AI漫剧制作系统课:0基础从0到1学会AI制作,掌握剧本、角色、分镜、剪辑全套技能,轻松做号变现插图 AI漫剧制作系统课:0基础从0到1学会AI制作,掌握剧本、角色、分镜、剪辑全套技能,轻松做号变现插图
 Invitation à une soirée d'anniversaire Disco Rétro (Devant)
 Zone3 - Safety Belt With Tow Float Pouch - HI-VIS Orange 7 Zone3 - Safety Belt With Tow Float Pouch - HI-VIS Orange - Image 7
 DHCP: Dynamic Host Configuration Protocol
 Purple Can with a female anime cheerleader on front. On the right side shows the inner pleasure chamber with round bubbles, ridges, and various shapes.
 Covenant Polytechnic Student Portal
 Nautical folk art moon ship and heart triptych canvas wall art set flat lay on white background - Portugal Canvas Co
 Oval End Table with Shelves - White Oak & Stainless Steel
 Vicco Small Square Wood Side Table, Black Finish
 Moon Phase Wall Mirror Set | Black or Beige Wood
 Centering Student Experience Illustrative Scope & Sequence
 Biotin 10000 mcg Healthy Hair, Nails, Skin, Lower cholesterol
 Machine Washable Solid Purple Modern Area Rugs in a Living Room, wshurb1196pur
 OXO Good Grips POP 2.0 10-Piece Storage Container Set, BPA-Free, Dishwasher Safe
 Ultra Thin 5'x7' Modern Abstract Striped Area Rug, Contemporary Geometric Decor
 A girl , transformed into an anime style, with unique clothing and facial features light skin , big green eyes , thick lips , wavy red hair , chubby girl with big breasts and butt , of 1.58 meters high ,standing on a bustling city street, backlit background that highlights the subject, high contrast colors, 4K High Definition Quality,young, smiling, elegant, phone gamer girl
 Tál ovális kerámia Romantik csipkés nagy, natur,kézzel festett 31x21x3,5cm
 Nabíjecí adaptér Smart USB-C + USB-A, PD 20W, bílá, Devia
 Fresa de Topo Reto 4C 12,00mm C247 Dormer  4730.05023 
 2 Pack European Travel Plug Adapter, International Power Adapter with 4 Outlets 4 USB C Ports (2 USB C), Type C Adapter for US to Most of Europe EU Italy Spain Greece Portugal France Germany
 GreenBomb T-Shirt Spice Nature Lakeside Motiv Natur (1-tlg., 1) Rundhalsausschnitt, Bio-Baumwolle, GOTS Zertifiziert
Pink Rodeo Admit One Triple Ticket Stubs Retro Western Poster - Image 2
- - - -
* **TO DO**: Nothing in the entries should be left out; please reproduce them all exactly.

* **EXERCISE RESULT**:
AI漫剧制作系统课:0基础从0到1学会AI制作,掌握剧本、角色、分镜、剪辑全套技能,轻松做号变现插图 AI漫剧制作系统课:0基础从0到1学会AI制作,掌握剧本、角色、分镜、剪辑全套技能,轻松做号变现插图
 Invitation à une soirée d'anniversaire Disco Rétro (Devant)
 Zone3 - Safety Belt With Tow Float Pouch - HI-VIS Orange 7 Zone3 - Safety Belt With Tow Float Pouch - HI-VIS Orange - Image 7
 DHCP: Dynamic Host Configuration Protocol
 Purple Can with a female anime cheerleader on front. On the right side shows the inner pleasure chamber with round bubbles, ridges, and various shapes.
 Covenant Polytechnic Student Portal
 Nautical folk art moon ship and heart triptych canvas wall art set flat lay on white background - Portugal Canvas Co
 Oval End Table with Shelves - White Oak & Stainless Steel
 Vicco Small Square Wood Side Table, Black Finish
 Moon Phase Wall Mirror Set | Black or Beige Wood
 Centering Student Experience Illustrative Scope & Sequence
 Biotin 10000 mcg Healthy Hair, Nails, Skin, Lower cholesterol
 Machine Washable Solid Purple Modern Area Rugs in a Living Room, wshurb1196pur
 OXO Good Grips POP 2.0 10-Piece Storage Container Set, BPA-Free, Dishwasher Safe
 Ultra Thin 5'x7' Modern Abstract Striped Area Rug, Contemporary Geometric Decor
 A girl , transformed into an anime style, with unique clothing and facial features light skin , big green eyes , thick lips , wavy red hair , chubby girl with big breasts and butt , of 1.58 meters high ,standing on a bustling city street, backlit background that highlights the subject, high contrast colors, 4K High Definition Quality,young, smiling, elegant, phone gamer girl
 Tál ovális kerámia Romantik csipkés nagy, natur,kézzel festett 31x21x3,5cm
 Nabíjecí adaptér Smart USB-C + USB-A, PD 20W, bílá, Devia
 Fresa de Topo Reto 4C 12,00mm C247 Dormer  4730.05023 
 2 Pack European Travel Plug Adapter, International Power Adapter with 4 Outlets 4 USB C Ports (2 USB C), Type C Adapter for US to Most of Europe EU Italy Spain Greece Portugal France Germany
 GreenBomb T-Shirt Spice Nature Lakeside Motiv Natur (1-tlg., 1) Rundhalsausschnitt, Bio-Baumwolle, GOTS Zertifiziert
Pink Rodeo Admit One Triple Ticket Stubs Retro Western Poster - Image 2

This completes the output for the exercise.